Description
Professional football became Americans’ favorite spectator
sport in the 1960s. It was a decade of great players (as is every decade):
Johnny Unitas and Sonny Jurgensen, Lenny Moore and Gayle Sayers, Deacon
Jones and Dick Butkus, John Mackey and Raymond Berry. Nearly the entire
starting lineup of the Green Bay Packers—Bart Starr, Paul Hornung, Jim
Taylor, Boyd Dowler, Max McGee, Jerry Kramer, Fuzzy Thurston, Jim Ringo,
Forrest Gregg, Ron Kramer, Willie Davis, Henry Jordan, Ray Nitschke, Herb
Adderley, Willie Wood—became household names.

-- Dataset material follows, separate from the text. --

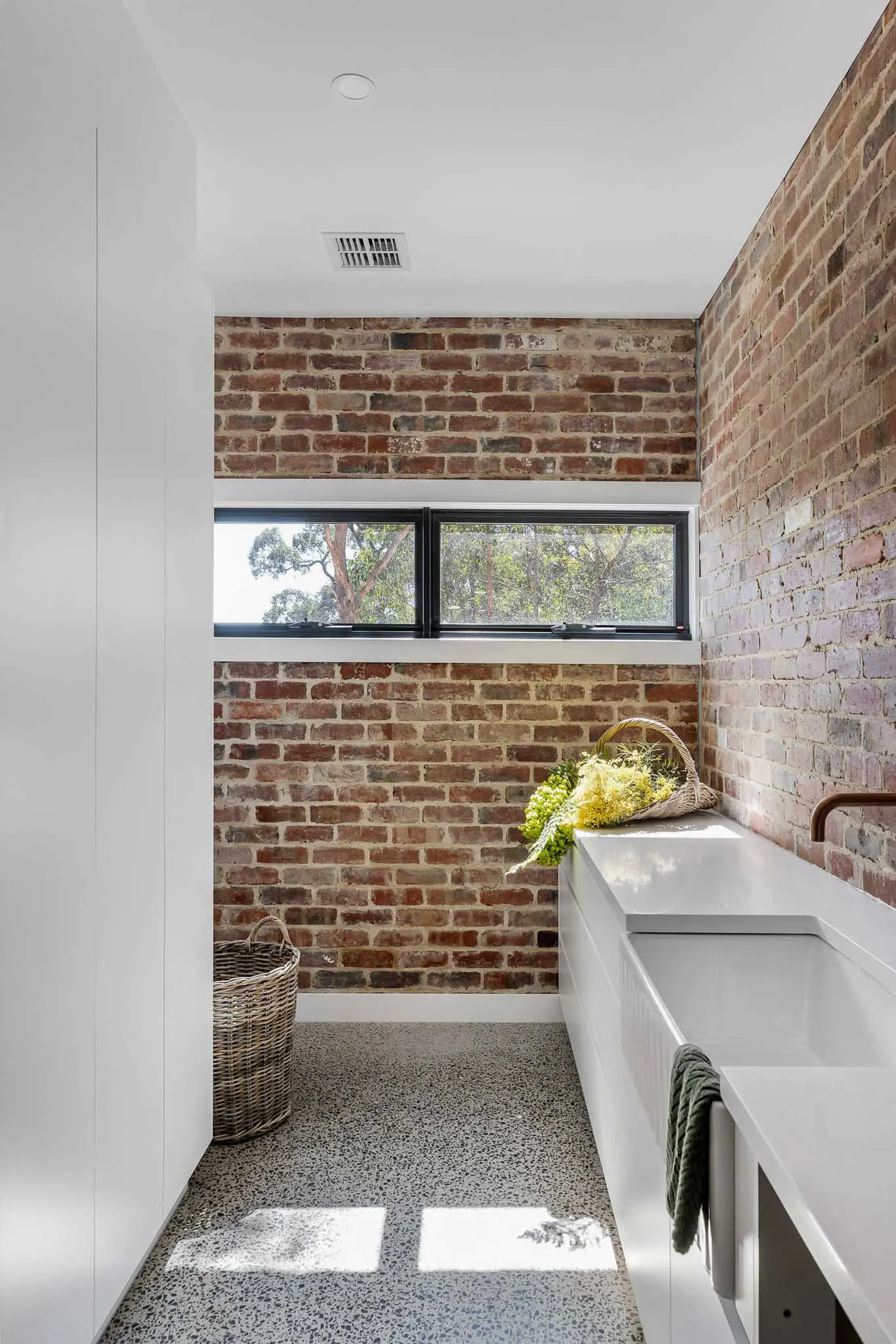 Laundry lined in recycled brick with white joinery, stone benchtop and a long awning window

Without question, the
greatest of them all was Jim Brown, one of the nfl’s few truly transcendent
players from any era. In just nine seasons Brown rushed for 12,312 yards,
averaging 5.2 yards per carry and leading the league eight times. He was
Rookie of the Year, then league mvp four times; he played in nine Pro Bowls
and missed not a single game—then walked away after the 1965 season, at
age 30, still in his prime but with nothing left to prove. Few stars in any sport
have been so unfettered by their own stardom. Among other interests, Brown
embraced his role as a black man in a barely integrated sport, as few African
American professional athletes of his generation did, at a time when such
actions provoked more anger and resentment than respect. On the field,
Brown was an astonishing fusion of speed, power, and agility, but no one
player, no matter how good, can guarantee championships in pro football.
Brown and Cleveland were perennial runners-up,a
winning just one title, in
1964, an interruption in the run of the Green Bay Packers through the 1960s.